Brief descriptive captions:
((

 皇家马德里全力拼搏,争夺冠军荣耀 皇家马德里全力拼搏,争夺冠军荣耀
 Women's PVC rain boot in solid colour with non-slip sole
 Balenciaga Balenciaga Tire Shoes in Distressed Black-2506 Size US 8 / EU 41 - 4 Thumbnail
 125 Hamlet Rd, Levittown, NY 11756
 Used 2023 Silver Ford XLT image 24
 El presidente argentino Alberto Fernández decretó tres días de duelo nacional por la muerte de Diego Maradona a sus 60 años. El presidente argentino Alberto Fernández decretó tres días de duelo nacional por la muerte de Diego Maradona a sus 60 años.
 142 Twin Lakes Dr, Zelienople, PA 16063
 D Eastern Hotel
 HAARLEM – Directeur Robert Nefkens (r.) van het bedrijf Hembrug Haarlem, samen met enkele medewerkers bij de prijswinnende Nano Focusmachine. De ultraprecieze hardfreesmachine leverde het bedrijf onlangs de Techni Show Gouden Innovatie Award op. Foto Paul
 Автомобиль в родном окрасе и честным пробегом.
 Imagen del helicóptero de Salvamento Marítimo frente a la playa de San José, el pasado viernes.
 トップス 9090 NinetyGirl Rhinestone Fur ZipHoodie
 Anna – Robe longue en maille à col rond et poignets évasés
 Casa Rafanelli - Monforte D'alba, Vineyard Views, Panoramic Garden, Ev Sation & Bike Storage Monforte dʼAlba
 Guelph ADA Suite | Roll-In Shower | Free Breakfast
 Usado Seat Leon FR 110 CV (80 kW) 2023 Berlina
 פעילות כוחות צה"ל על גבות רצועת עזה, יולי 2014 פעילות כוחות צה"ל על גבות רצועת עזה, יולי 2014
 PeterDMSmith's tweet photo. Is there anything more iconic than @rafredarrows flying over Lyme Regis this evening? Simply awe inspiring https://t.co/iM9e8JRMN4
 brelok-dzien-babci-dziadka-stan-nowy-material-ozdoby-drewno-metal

))

» **TASK TO COMPLETE**
In the entries above, one line contains "Balenciaga Balenciaga Tire" and another contains "Imagen del helicóptero". Reproduce exactly those two lines and the lines between them, nothing else.

» **RESULT**
 Balenciaga Balenciaga Tire Shoes in Distressed Black-2506 Size US 8 / EU 41 - 4 Thumbnail
 125 Hamlet Rd, Levittown, NY 11756
 Used 2023 Silver Ford XLT image 24
 El presidente argentino Alberto Fernández decretó tres días de duelo nacional por la muerte de Diego Maradona a sus 60 años. El presidente argentino Alberto Fernández decretó tres días de duelo nacional por la muerte de Diego Maradona a sus 60 años.
 142 Twin Lakes Dr, Zelienople, PA 16063
 D Eastern Hotel
 HAARLEM – Directeur Robert Nefkens (r.) van het bedrijf Hembrug Haarlem, samen met enkele medewerkers bij de prijswinnende Nano Focusmachine. De ultraprecieze hardfreesmachine leverde het bedrijf onlangs de Techni Show Gouden Innovatie Award op. Foto Paul
 Автомобиль в родном окрасе и честным пробегом.
 Imagen del helicóptero de Salvamento Marítimo frente a la playa de San José, el pasado viernes.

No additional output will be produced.